Verena Vollmer kann mit dieser Vielfalt an Nationen, Begabungen und Aufgaben gut umgehen. „Ich bin seit 31 Jahren Lehrerin und habe mich immer fortgebildet", sagt sie Und: „Ich gehöre zu den Alt-68ern, die sich Neukölln als Arbeitsfeld bewusst ausgesucht haben".

Der Erfolg gibt der Schulleiterin Ruth Weber und den Kollegen wie Verena Vollmer recht. Die Peter-Petersen-Schule gehört zu den wenigen Kiez-Schulen, die auch von deutschen Eltern bewusst ausgesucht werden: Es hat sich herumgesprochen, dass die Petersen-Absolventen an weiterführenden Schulen gut zurechtkommen, weil sie das selbstständige Arbeiten gelernt haben. Und es ist inzwischen erwiesen, dass hochbegabte Kinder dank der Altersmischung wesentlich leichter „springen“ können.

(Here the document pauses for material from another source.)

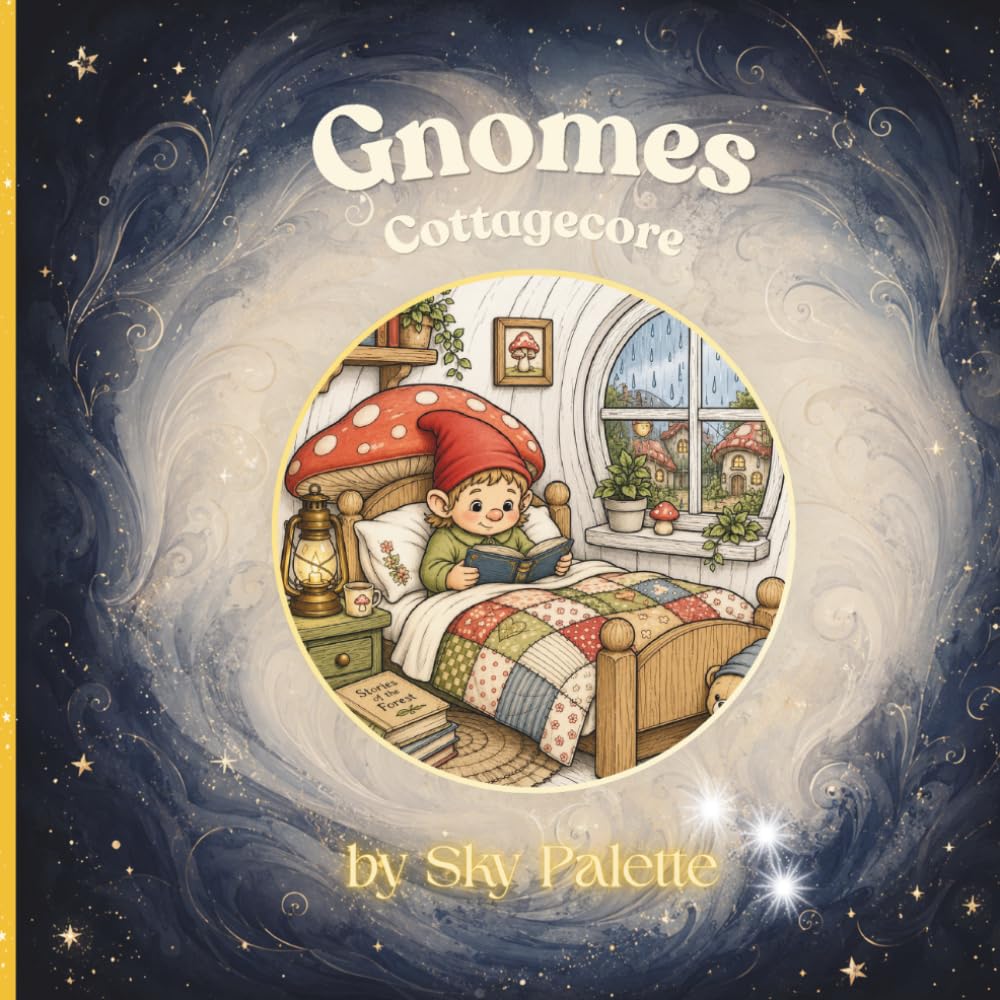Gnomes – Cottagecore: A Magical Gnome Coloring Book Filled with Cozy Villages, Family Adventures and Whimsical Fantasy Woodlands (Otherworldly Realms)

Aber das ist noch längst nicht alles, was die Petersen-Schule zu bieten hat: Da gibt es noch die „verlässliche Halbtagsbetreuung“, von der vor allem die Kinder aus schwierigen sozialen Verhältnissen profitieren. Außerdem engagiert man sich als Unesco-Projektschule. In diesem Rahmen nahmen die Schüler an Menschenrechtstagen teil, trafen sich mit kriegsversehrten Kindern oder setzten sich mit Umweltpolitik auseinander.

Eltern und Schüler: „Die Petersen-Schule war für uns ein Grund, in Nord-Neukölln zu bleiben“, sagt Gesamtelternvertreterin Ute Gebhardt-Ziemer. Sie schwärmt von Lehrern, die immer auf der Suche nach neuen Wegen sind – und zwar nicht um der Reform, sondern um der Kinder und des Lernerfolgs Willen. Eines der drei Kinder von Frau Gebhardt–Ziemer konnte dank der flexiblen Altersmischung in Neukölln sogar eine Klasse überspringen.

Und was meinen die Schüler? „Es ist schön, dass die Klasse so gemischt ist“, sagt die achtjährige Lara. Sie findet es toll, dass sie in ihrer vertrauten Gruppe bleiben und trotzdem in den Kursen schon die Matheaufgaben der Fünftklässler lösen kann.